"""
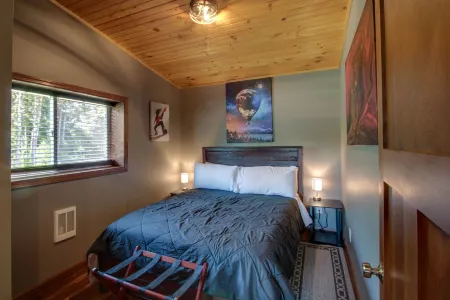 Privat Hot Tub! Sleeps 6 *Traverse City *Sleeping Bear Dunes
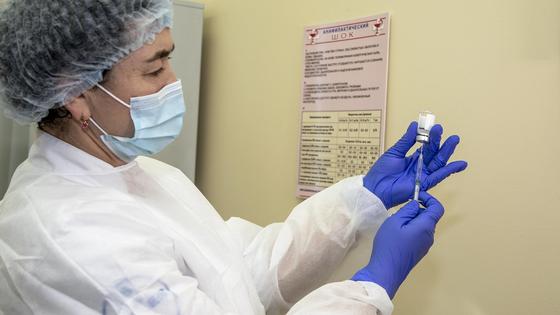 Врач делает вакцинацию Врач делает вакцинацию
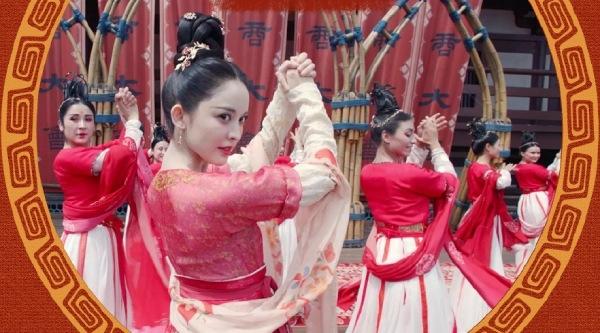 Ngay từ khi trong trailer phim "Phong Khởi Nghê Thường" cảnh múa của Cổ Lực Na Trát đã gây chú ý với khán giả.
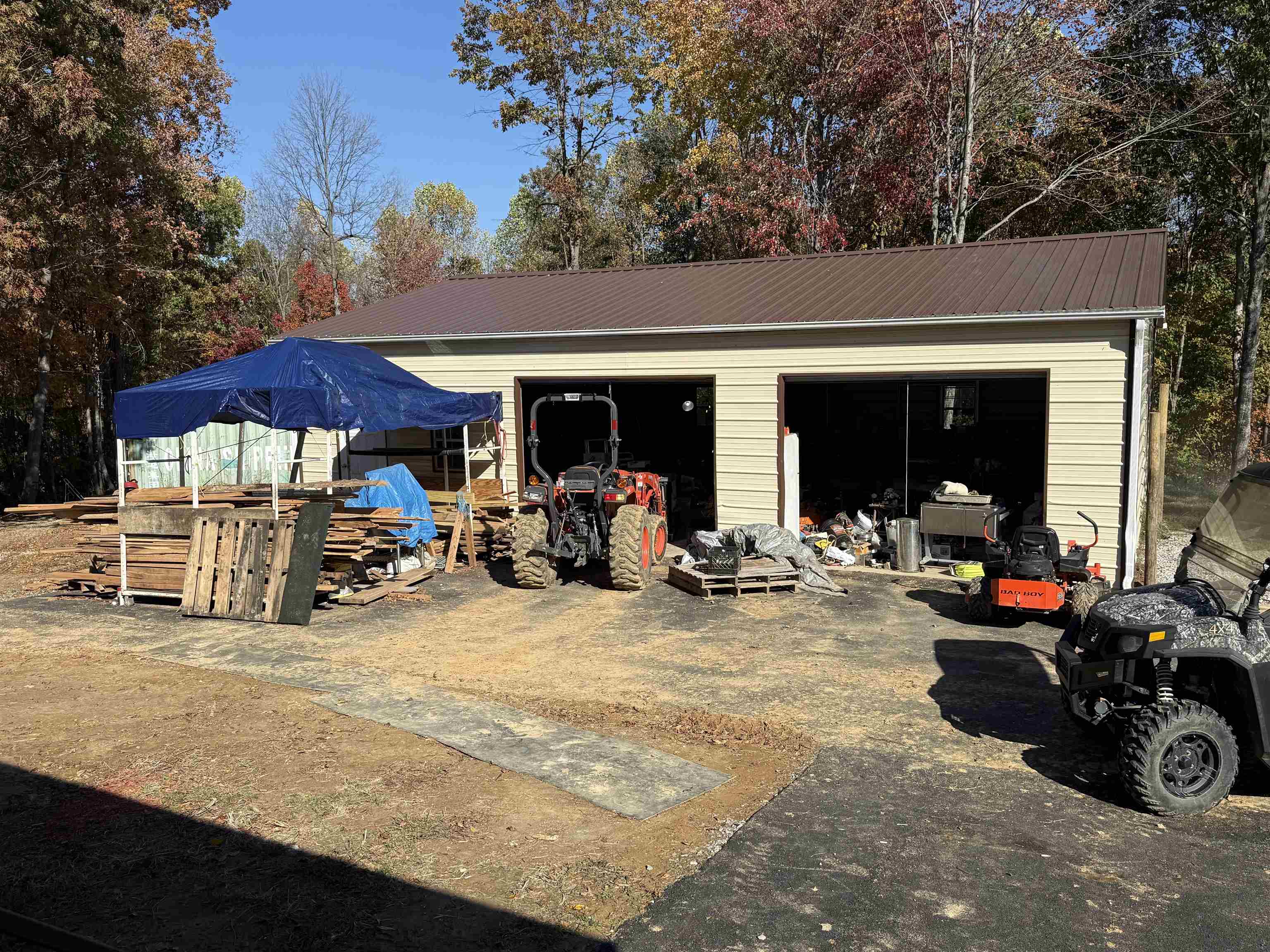 3180 Old Halls Creek Road, Beaver Dam, Kentucky 42320, 2 Bedrooms Bedrooms, ,1 BathroomBathrooms,Farm,For Sale,Old Halls Creek Road,93621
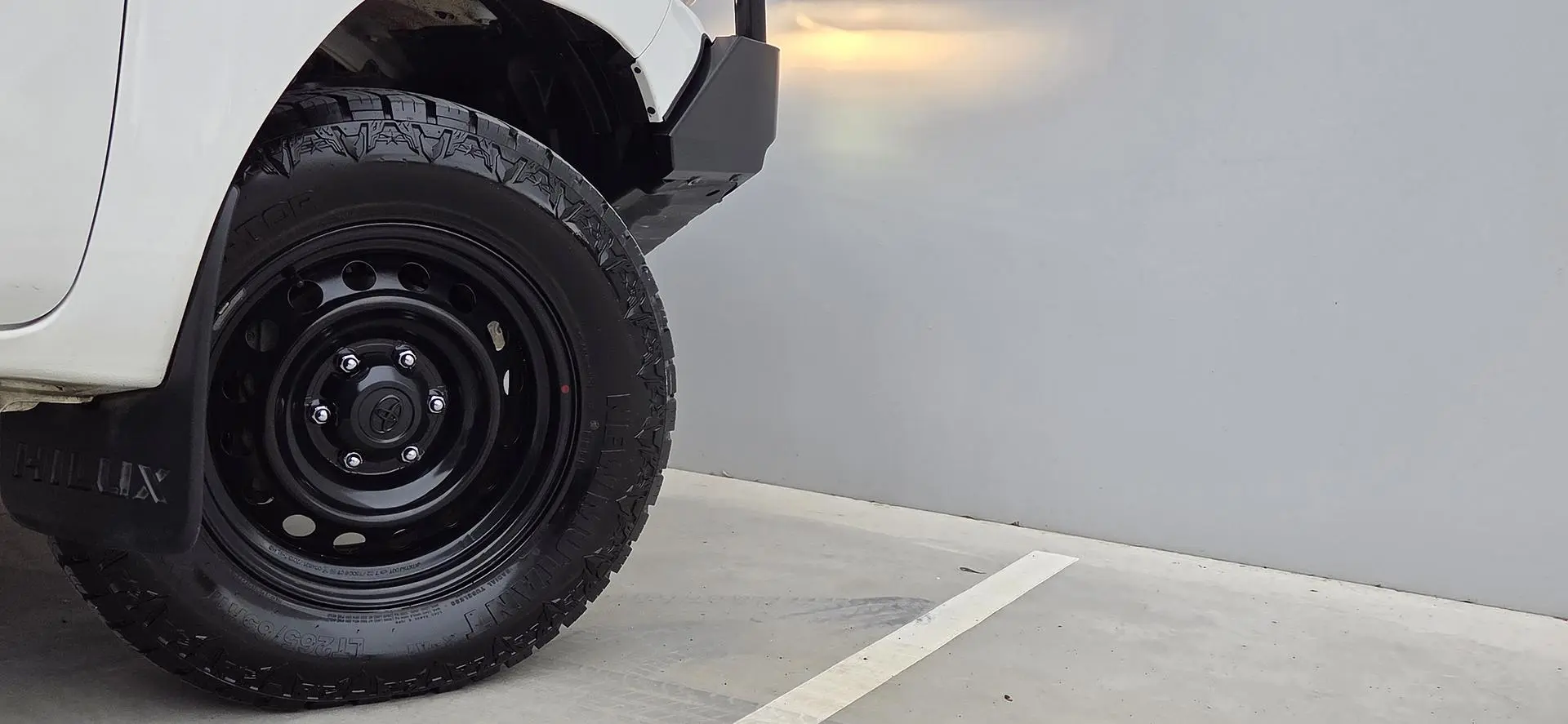 2022 Toyota Hilux Gallery Image 24
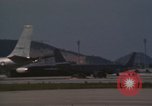 Standbild KC-135A Stratotanker Thailand, 1970, aus Sekunde 56 historischem Filmmaterial Videoclip 65675068369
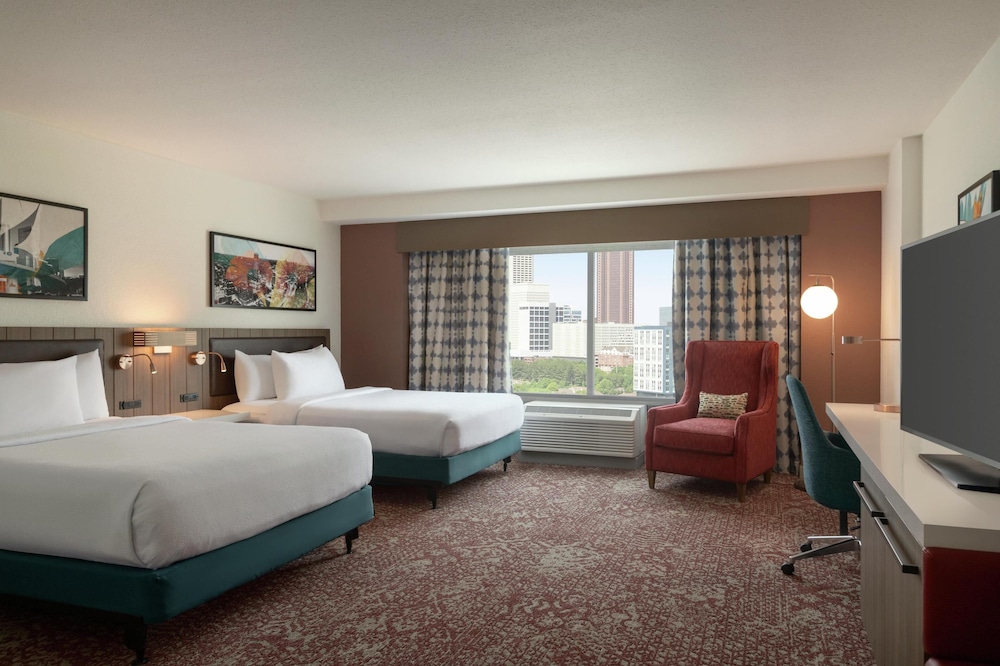 Room, Single, 2 Queen Beds, Accessible، Hilton Garden Inn Atlanta Downtown 5/10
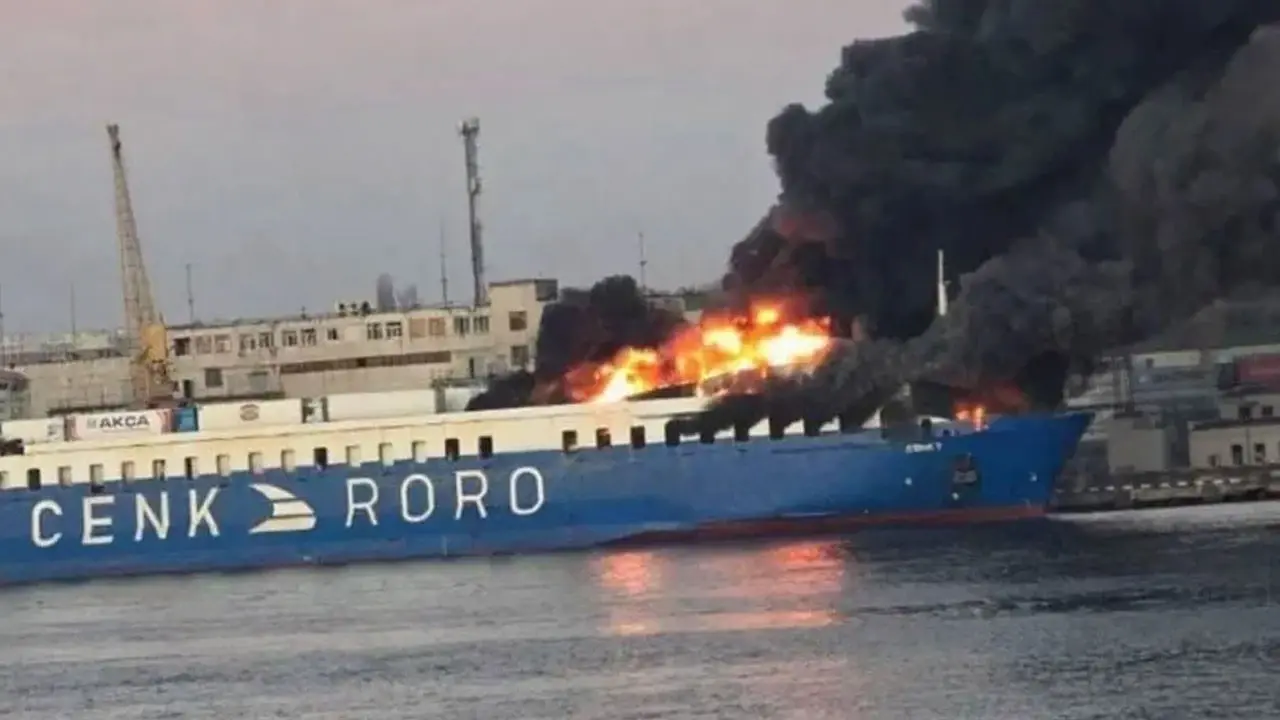 Rusya, Türk yük gemisini vurdu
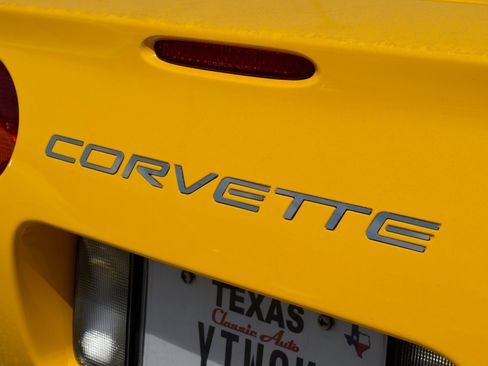 Used 2000 Chevrolet Corvette Convertible w/ Memory Pkg RWD image 13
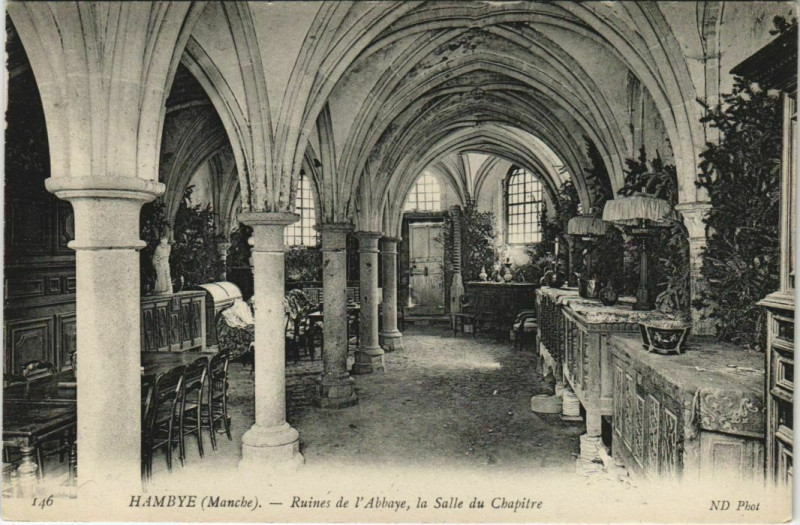 Carte postale ancienne Hambye - Ruines de l'Abbaye à Hambye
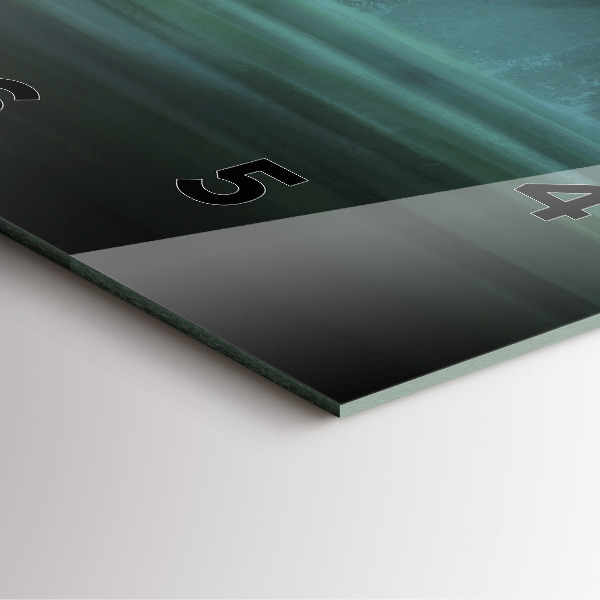 Szögletes fali üvegóra Ember és szörny a mocsárban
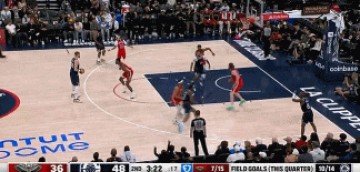 招牌动作！小卡低位接哈登传球 倚住防守前转身跳投丝滑命中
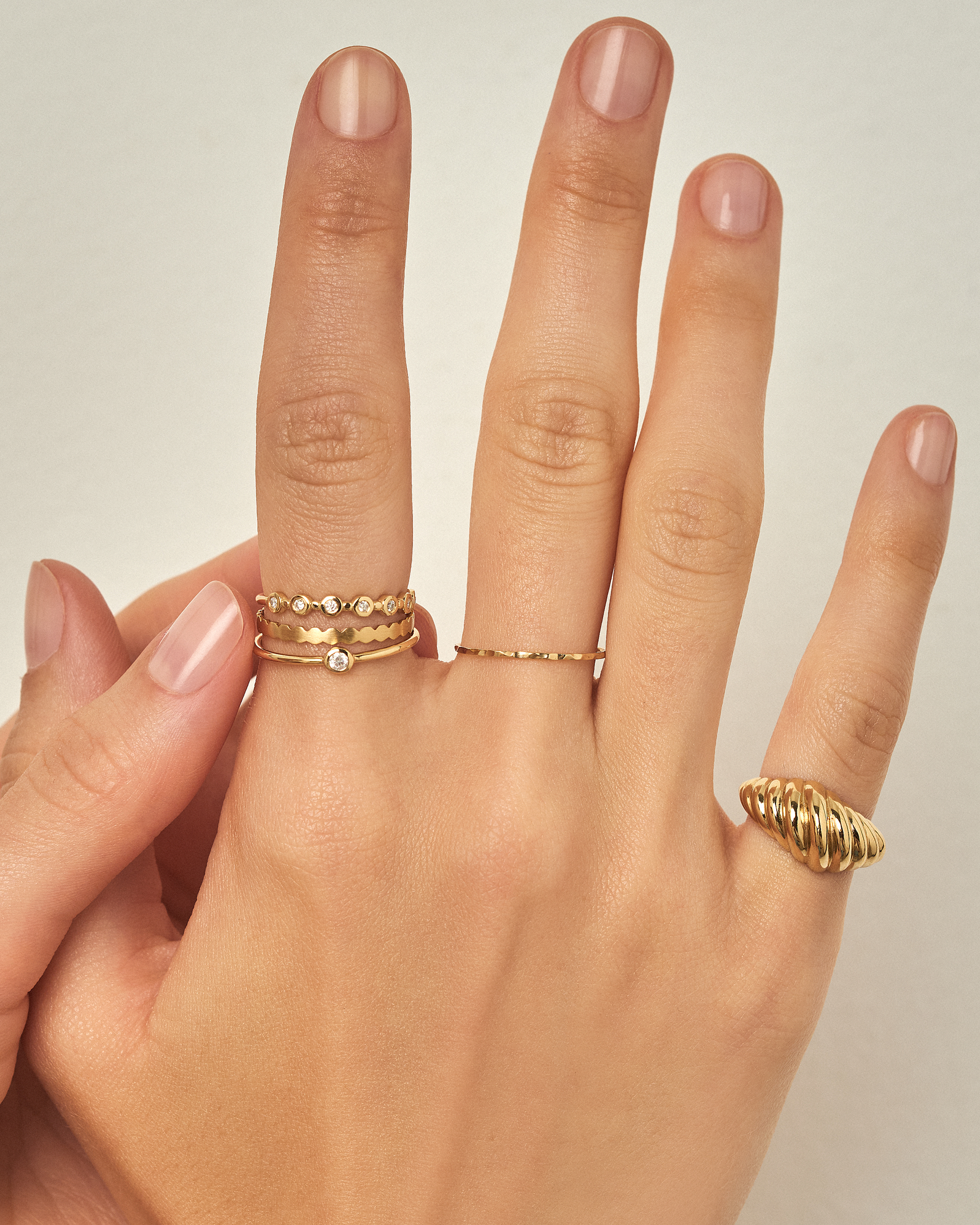 Anel de Dedinho Liso em Ouro 18K Domo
"""
* Exercise instructions
Take the line with "招牌动作！小卡低位接哈登传球 倚住防守前转身跳投丝滑命中" and each line after it through the end of the material above, and reproduce them exactly, without the pictures.

* Output of the exercise
 招牌动作！小卡低位接哈登传球 倚住防守前转身跳投丝滑命中
 Anel de Dedinho Liso em Ouro 18K Domo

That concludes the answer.